To do:
Write out the full listing exactly as given, minus the images.

*** Begin section ***

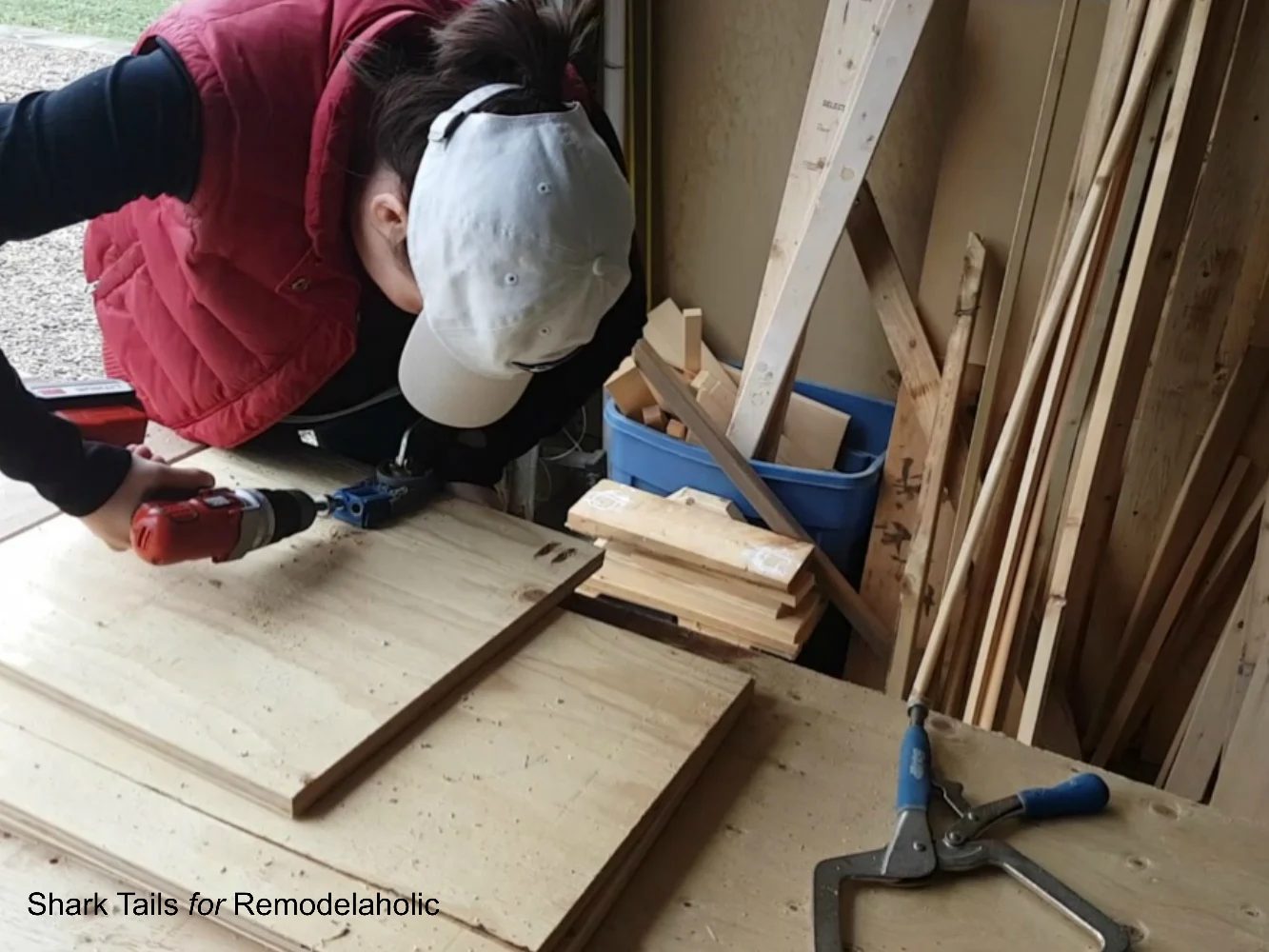 how to build a one sheet plywood storage box, kreg jig pocket holes to assemble box
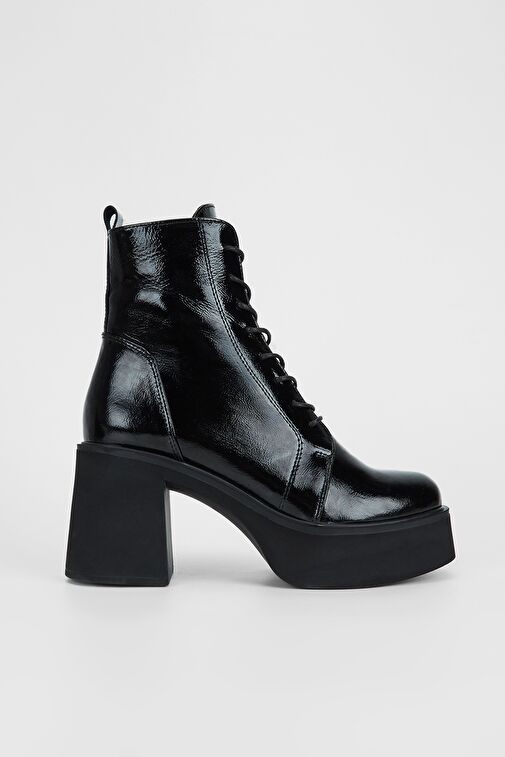 Valmenti Kadın SIYAH KRSK RGN Hakiki Deri Casual Bot - Görsel 2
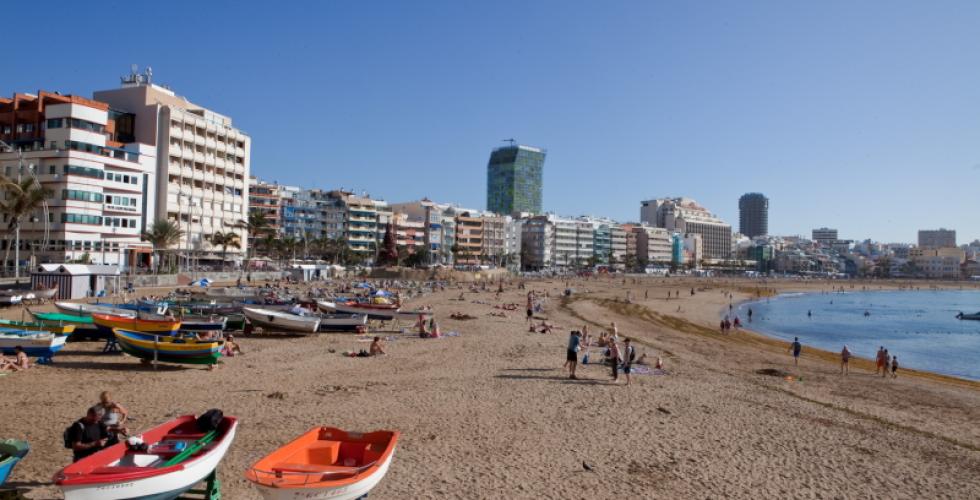 Las Palmas på Gran Canaria.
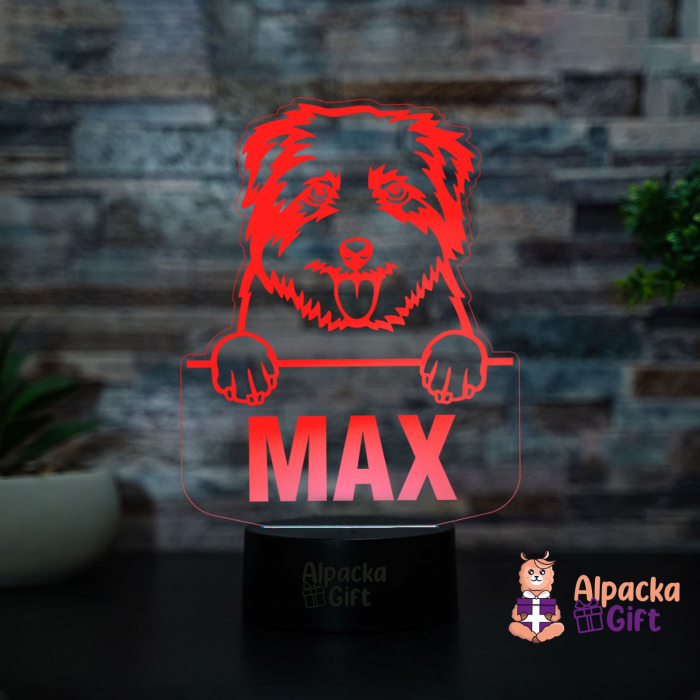 Lampă 3D - Norfolk Terrier [2]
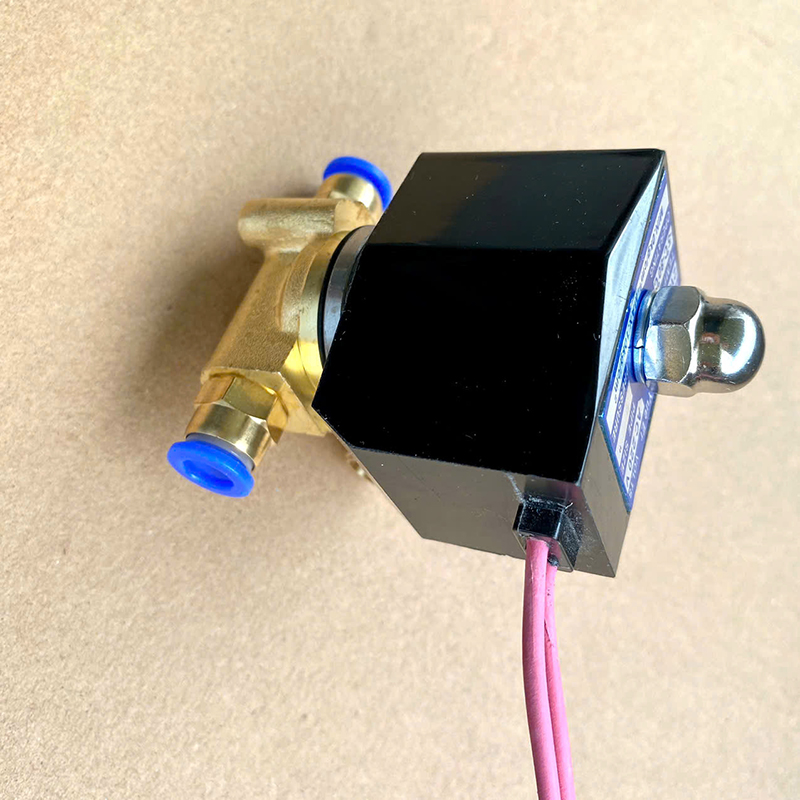 Van khóa kháng nước chuẩn IP65 dùng cho hệ thống phun sương ống khí 2 đầu ra 8mm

*** End section ***

Solution to this problem:
 how to build a one sheet plywood storage box, kreg jig pocket holes to assemble box
 Valmenti Kadın SIYAH KRSK RGN Hakiki Deri Casual Bot - Görsel 2
 Las Palmas på Gran Canaria.
 Lampă 3D - Norfolk Terrier [2]
 Van khóa kháng nước chuẩn IP65 dùng cho hệ thống phun sương ống khí 2 đầu ra 8mm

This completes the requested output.